> [Stored data]

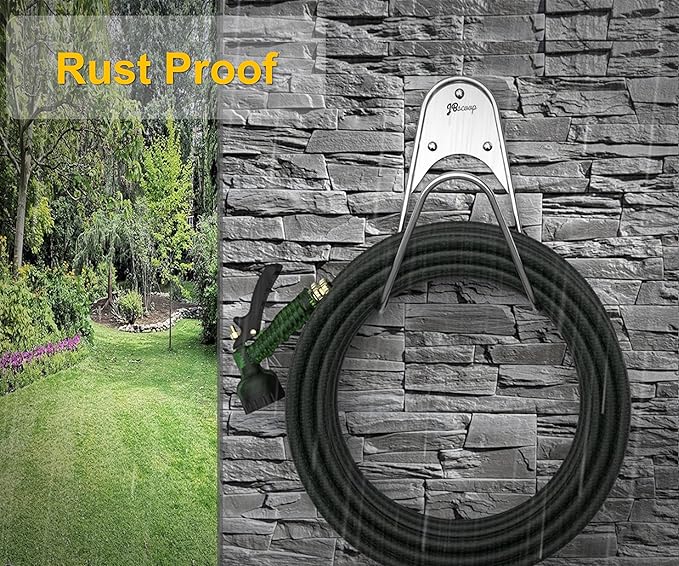 JBscoop Garden Hose Holder Stainless Steel Small Wall Mount Garden Hose Hook - Image 2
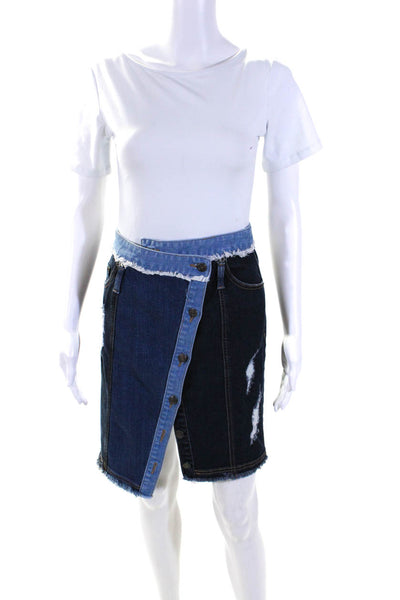 SJYP Womens Denim Patchwork Asymmetrical Fringe Pencil Skirt Blue Size Small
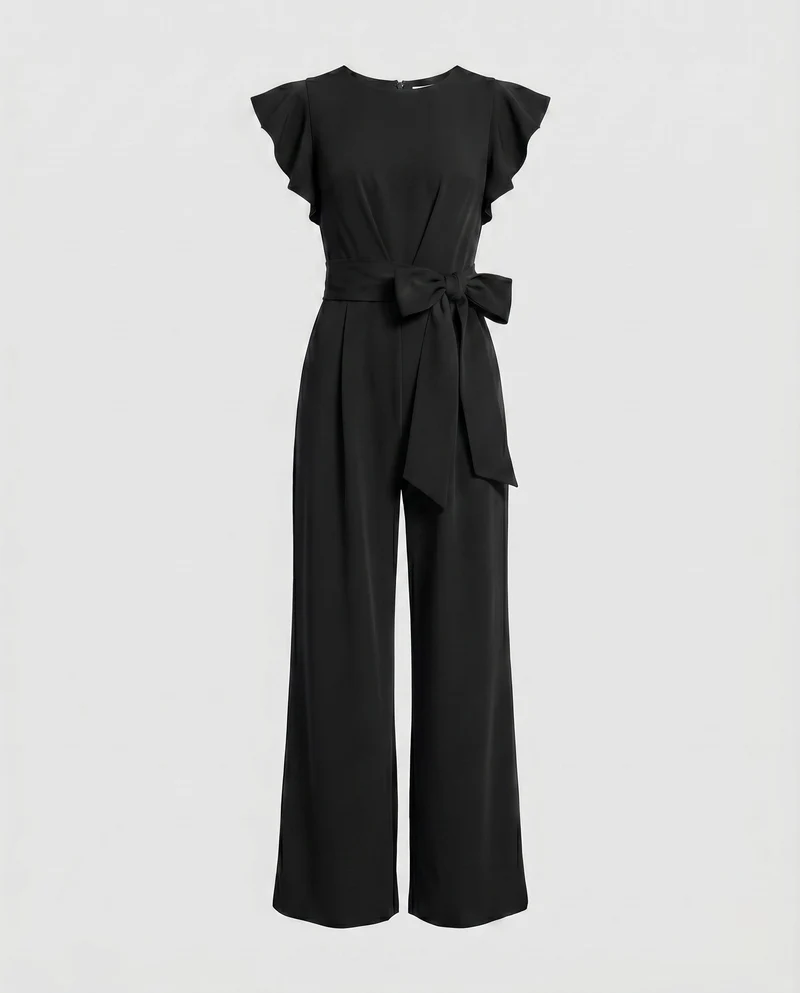 Damen Eleganter Jumpsuit mit Rüschenärmeln und Taillenbund Arvani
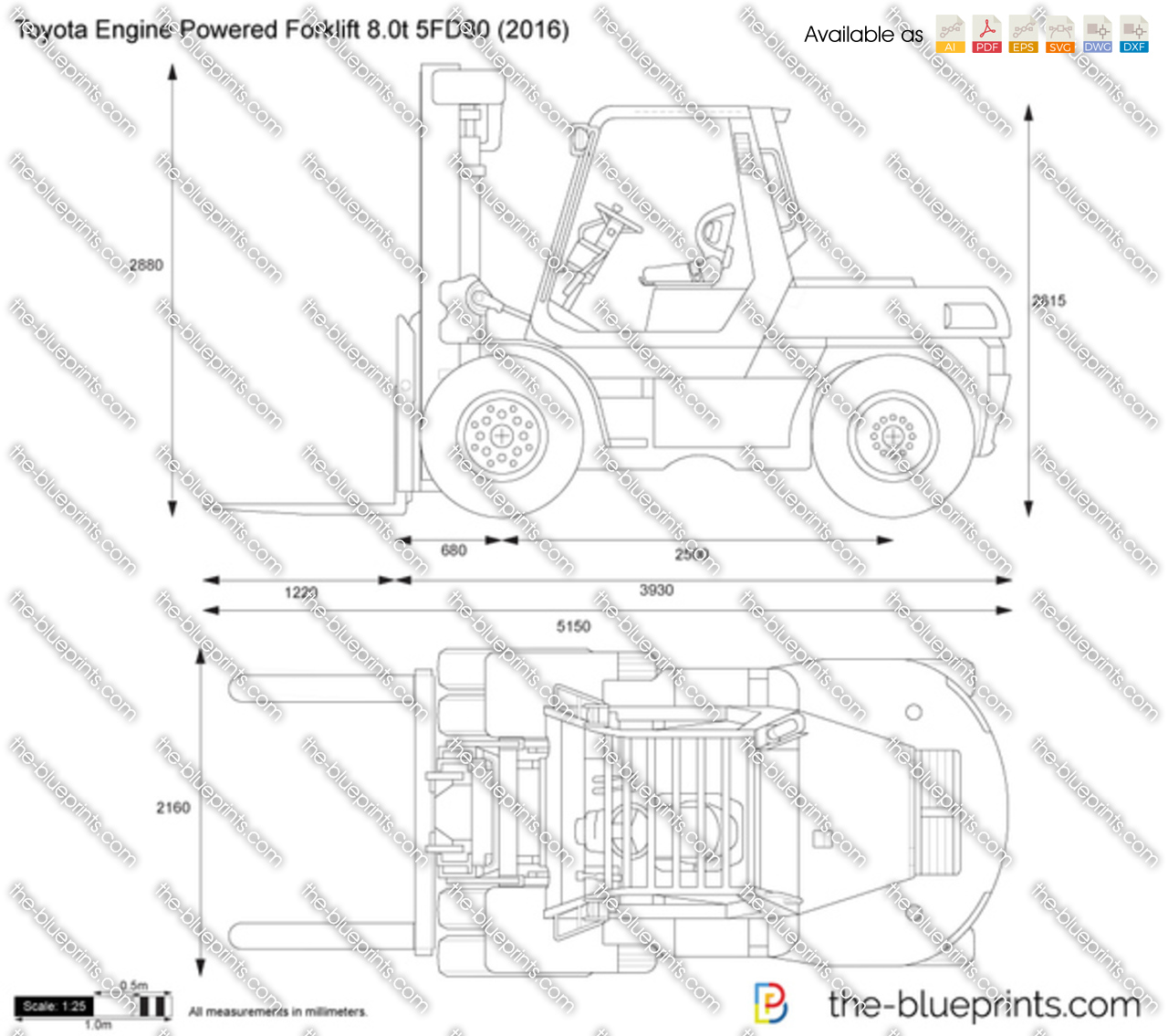 Toyota Engine Powered Forklift 8.0t 5FD80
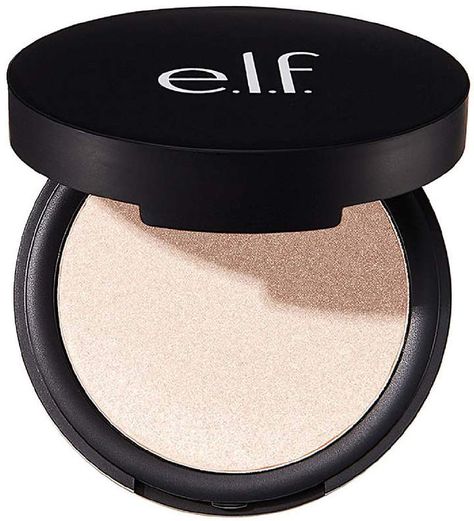 E.L.F. e.l.f. Shimmer Highlighting Powder, Pearl Glow:  This lightweight, versatile pressed shimmer highlighting powder helps amplify your natural radiance with a refined glow. Elf Highlighter, Drugstore Highlighter, Shimmer Highlighter, Oval Makeup Brush, Highlighter Powder, E.l.f. Cosmetics, Elf Cosmetics, Cruelty Free Cosmetics, Stage Makeup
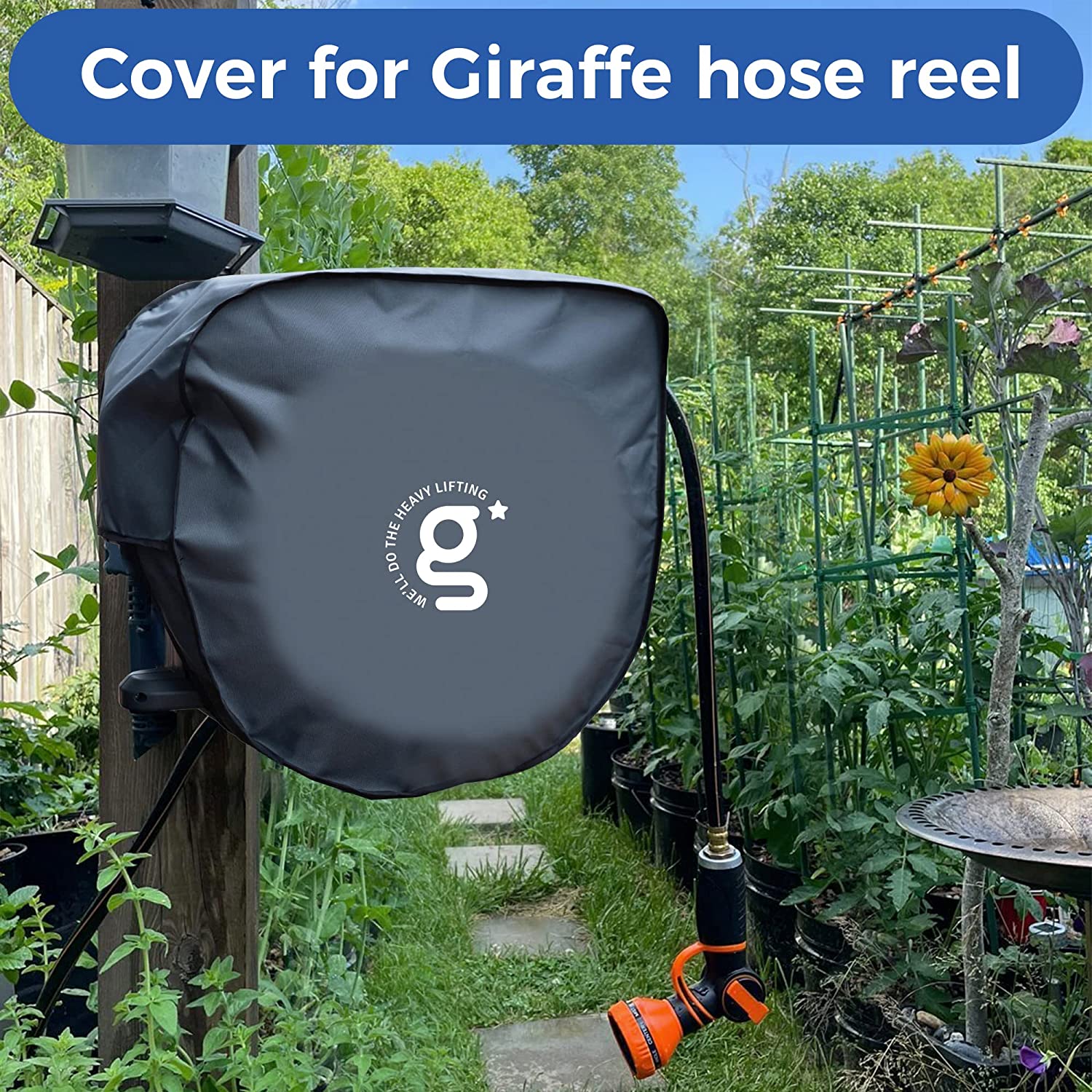 Installed dark gray hose reel cover on outdoor reel with attached hose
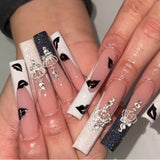 1Box Crown Rhinestone False Nails + Black Lip Print Design With Glue Decoration Press On Nails Manicure Long Wearing Tips 24PCS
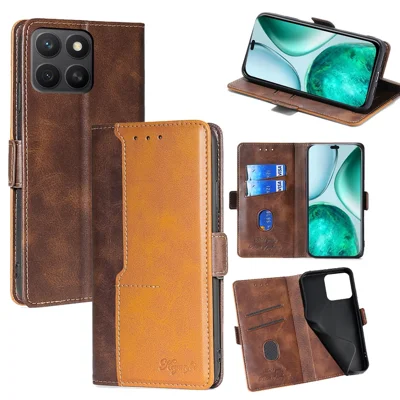 Voor Honor X8c 4G hoesje met portemonnee van leer in contrasterende kleuren - Donkerbruin + Goud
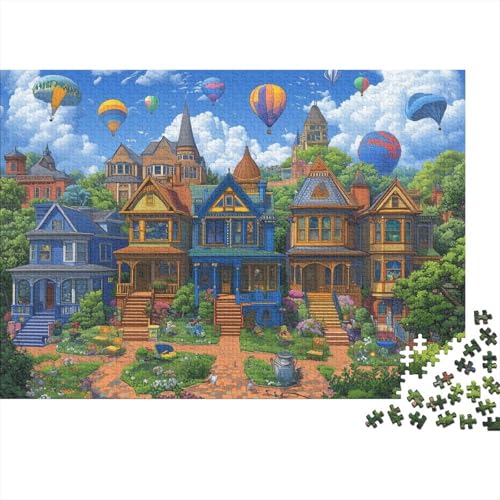 Vielbeschäftigte Cartoon Town 500 Stück Holzpuzzles Geschicklichkeitsspiel Für Die Ganze Familie Handgefertigte DIY-Anpassung Puzzle-Geschenk Familie Wanddekoration 500pcs (52x38cm) von RTTGKMYPL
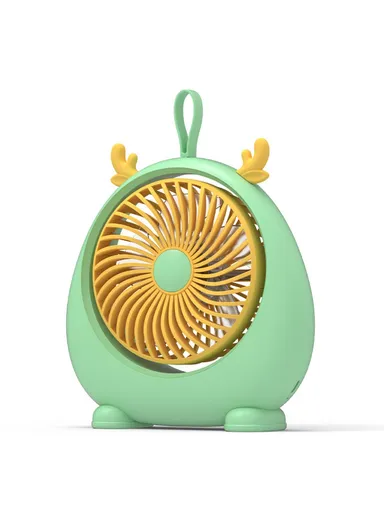Cute Deer Ear Design Cooling Fan USB Power Home Office Portable Fan with 3 Wind Speed Adjustments (D22.5 x W7 x H23.8)cm - Green / L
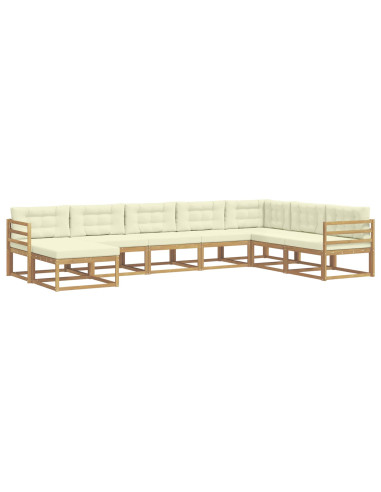 Set di divani da esterno 8 pcs Bianco e Crema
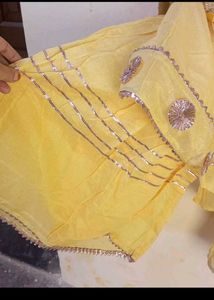 unstitched Elegant Yellow Kurta garara Set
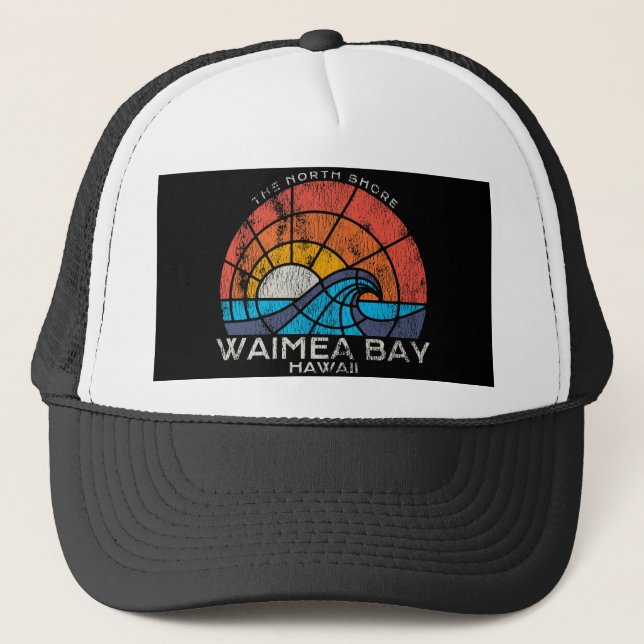 Waimea Bay North Shore Hawaii Trucker Hat (Front)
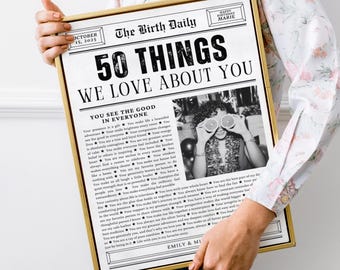 50 Things We Love About You: 50th Birthday, Anniversary, Wedding, Christmas (Digital Download)
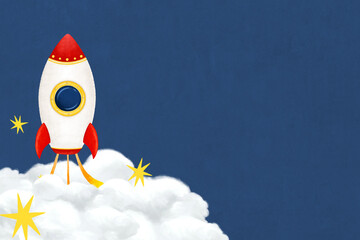 Poster - Space rocket border background, cute galaxy illustration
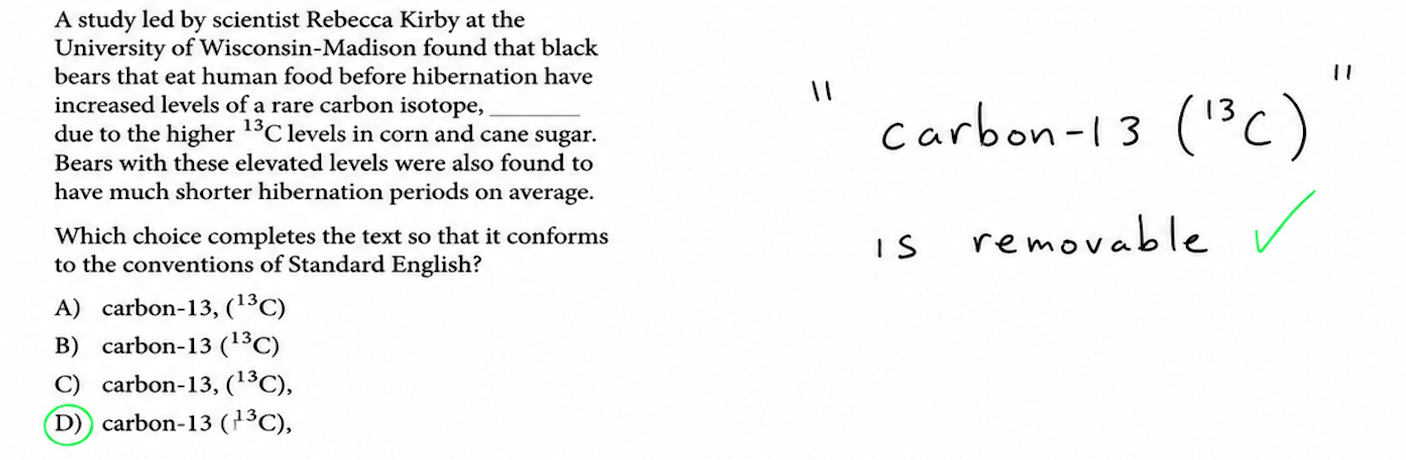 SAT-style question about carbon-13 hibernation research, testing an interjection.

> [Exercise description]
If a record contains a picture, omit the picture and repeat everything else exactly.

> [Written reply]
 JBscoop Garden Hose Holder Stainless Steel Small Wall Mount Garden Hose Hook - Image 2
 SJYP Womens Denim Patchwork Asymmetrical Fringe Pencil Skirt Blue Size Small
 Damen Eleganter Jumpsuit mit Rüschenärmeln und Taillenbund Arvani
 Toyota Engine Powered Forklift 8.0t 5FD80
 E.L.F. e.l.f. Shimmer Highlighting Powder, Pearl Glow:  This lightweight, versatile pressed shimmer highlighting powder helps amplify your natural radiance with a refined glow. Elf Highlighter, Drugstore Highlighter, Shimmer Highlighter, Oval Makeup Brush, Highlighter Powder, E.l.f. Cosmetics, Elf Cosmetics, Cruelty Free Cosmetics, Stage Makeup
 Installed dark gray hose reel cover on outdoor reel with attached hose
 1Box Crown Rhinestone False Nails + Black Lip Print Design With Glue Decoration Press On Nails Manicure Long Wearing Tips 24PCS
 Voor Honor X8c 4G hoesje met portemonnee van leer in contrasterende kleuren - Donkerbruin + Goud
 Vielbeschäftigte Cartoon Town 500 Stück Holzpuzzles Geschicklichkeitsspiel Für Die Ganze Familie Handgefertigte DIY-Anpassung Puzzle-Geschenk Familie Wanddekoration 500pcs (52x38cm) von RTTGKMYPL
Cute Deer Ear Design Cooling Fan USB Power Home Office Portable Fan with 3 Wind Speed Adjustments (D22.5 x W7 x H23.8)cm - Green / L
 Set di divani da esterno 8 pcs Bianco e Crema
 unstitched Elegant Yellow Kurta garara Set
 Waimea Bay North Shore Hawaii Trucker Hat (Front)
 50 Things We Love About You: 50th Birthday, Anniversary, Wedding, Christmas (Digital Download)
 Poster - Space rocket border background, cute galaxy illustration
 SAT-style question about carbon-13 hibernation research, testing an interjection.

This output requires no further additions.